# New Toys - Excited



## avaserfi (Jul 5, 2007)

Since I am working on a DIY build I figured I didn't want to go through all the work without being able to quantify the results so I splurged and got some test equipment and am pretty excited about it!

So the new toys are:

_Behringer ECM8000_ - soon to be professionally calibrated
_Xenyx 802_ - Need a good pre-amp
_On-stage SB96+_ - Looked to be a nice boom mic stand and it is especially being fully featured for $60
_ACH-01_ - A friend referred me to this accelerometer to test for cabinet resonance

Pretty excited about these things and the whole process as exacting speaker measurement will be a very new experience for me, but an important one at the same time.

Does anyone have any tips for a new comer to this field? 

Thanks guys.
Thanks.


----------



## Sonnie (Apr 11, 2006)

Sounds like you are gonna get serious. Congrats on the new toys.

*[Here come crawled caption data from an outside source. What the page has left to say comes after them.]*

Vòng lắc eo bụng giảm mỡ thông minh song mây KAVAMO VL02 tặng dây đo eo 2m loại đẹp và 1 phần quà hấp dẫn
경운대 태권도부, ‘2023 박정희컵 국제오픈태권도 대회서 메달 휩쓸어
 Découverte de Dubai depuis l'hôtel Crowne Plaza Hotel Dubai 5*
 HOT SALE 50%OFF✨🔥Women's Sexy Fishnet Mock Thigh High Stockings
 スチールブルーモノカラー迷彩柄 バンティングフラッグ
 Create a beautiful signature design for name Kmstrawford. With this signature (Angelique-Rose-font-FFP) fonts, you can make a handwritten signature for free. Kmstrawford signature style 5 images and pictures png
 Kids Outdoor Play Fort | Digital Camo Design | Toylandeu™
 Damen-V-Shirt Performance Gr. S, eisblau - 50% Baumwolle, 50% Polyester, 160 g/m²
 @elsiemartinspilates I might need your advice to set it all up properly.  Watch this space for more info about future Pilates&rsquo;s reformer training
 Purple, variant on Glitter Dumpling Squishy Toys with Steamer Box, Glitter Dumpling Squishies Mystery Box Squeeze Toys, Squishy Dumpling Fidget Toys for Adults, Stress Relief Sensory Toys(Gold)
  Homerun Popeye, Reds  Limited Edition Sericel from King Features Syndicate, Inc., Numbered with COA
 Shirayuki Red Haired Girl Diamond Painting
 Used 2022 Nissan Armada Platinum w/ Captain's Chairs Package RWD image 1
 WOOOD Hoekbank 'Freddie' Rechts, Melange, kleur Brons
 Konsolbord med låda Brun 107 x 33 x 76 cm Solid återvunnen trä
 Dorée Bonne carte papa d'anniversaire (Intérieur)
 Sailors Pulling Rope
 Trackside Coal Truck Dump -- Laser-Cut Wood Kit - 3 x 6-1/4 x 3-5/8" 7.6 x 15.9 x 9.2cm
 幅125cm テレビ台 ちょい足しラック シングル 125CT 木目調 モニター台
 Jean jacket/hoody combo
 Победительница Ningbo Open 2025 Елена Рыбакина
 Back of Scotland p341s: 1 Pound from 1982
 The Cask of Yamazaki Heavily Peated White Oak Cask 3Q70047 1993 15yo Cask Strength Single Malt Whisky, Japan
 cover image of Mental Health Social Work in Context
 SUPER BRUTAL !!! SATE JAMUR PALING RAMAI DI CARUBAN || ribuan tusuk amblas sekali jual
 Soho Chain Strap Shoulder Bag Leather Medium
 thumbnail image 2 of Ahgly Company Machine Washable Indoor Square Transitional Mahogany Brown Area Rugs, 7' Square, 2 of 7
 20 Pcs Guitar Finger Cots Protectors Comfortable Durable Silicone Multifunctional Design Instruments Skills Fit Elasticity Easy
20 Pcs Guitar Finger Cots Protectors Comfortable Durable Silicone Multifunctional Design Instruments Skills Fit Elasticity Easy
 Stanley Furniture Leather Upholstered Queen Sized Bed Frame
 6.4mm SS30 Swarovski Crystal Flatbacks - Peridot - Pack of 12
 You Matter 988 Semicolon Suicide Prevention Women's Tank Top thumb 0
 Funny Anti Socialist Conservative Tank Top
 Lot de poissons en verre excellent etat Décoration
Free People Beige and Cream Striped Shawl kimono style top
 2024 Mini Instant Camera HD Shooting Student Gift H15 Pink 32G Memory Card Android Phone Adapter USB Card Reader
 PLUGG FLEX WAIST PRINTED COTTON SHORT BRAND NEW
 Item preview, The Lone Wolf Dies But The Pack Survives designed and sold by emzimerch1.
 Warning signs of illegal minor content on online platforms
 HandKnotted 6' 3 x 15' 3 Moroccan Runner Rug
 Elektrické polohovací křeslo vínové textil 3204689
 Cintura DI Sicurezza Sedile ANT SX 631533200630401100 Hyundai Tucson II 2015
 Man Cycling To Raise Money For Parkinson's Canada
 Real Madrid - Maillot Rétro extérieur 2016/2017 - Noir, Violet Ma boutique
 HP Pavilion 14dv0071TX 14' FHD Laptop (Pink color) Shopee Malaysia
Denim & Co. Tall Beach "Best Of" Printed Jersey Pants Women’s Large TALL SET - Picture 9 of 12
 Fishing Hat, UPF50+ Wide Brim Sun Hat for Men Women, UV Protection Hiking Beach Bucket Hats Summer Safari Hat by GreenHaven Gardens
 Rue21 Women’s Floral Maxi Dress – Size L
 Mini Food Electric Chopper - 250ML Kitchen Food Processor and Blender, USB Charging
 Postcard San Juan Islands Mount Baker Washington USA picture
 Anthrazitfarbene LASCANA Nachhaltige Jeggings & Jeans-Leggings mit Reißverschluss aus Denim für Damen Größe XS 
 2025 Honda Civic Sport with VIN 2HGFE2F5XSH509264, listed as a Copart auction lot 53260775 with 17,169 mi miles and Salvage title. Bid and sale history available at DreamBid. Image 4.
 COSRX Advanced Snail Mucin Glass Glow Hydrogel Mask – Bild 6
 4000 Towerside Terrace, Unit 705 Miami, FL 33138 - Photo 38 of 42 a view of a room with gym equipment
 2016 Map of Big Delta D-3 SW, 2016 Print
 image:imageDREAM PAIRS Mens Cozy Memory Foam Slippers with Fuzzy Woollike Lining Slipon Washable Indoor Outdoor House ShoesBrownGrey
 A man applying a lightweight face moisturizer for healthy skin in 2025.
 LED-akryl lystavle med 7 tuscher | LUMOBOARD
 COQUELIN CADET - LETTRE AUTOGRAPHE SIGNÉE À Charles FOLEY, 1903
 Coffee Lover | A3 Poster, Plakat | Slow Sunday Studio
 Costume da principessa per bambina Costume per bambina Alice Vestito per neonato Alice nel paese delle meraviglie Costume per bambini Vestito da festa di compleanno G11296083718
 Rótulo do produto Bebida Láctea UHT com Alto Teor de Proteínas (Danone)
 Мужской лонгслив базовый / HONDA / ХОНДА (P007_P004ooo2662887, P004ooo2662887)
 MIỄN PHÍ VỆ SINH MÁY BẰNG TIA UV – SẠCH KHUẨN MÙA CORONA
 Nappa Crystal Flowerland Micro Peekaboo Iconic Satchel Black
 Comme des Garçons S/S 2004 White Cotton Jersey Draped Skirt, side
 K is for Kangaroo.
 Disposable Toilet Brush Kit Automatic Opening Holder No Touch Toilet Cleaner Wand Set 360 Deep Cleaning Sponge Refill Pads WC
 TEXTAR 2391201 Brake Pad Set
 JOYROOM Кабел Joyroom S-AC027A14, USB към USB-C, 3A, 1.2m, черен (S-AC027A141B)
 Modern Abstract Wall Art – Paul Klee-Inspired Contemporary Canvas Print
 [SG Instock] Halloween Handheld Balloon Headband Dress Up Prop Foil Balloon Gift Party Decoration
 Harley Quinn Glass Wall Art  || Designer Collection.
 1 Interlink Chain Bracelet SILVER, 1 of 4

You'll probably want to calibrate that preamp as well. No need to send it off, just loop it through REW like you calibrate your sound card and create a .cal file for it.


----------



## Wayne A. Pflughaupt (Apr 13, 2006)

avaserfi said:


> So the new toys are:
> 
> _Behringer ECM8000_ - soon to be professionally calibrated
> _Xenyx 802_ - Need a good pre-amp
> ...


You’ll need an SPL meter...

Regards,
Wayne


----------



## avaserfi (Jul 5, 2007)

Wayne A. Pflughaupt said:


> You’ll need an SPL meter...
> 
> Regards,
> Wayne


I have had one of those for a while although I want to upgrade it its just a boring RS meter, but it works and I have "cooler" things to spend my money on now.


----------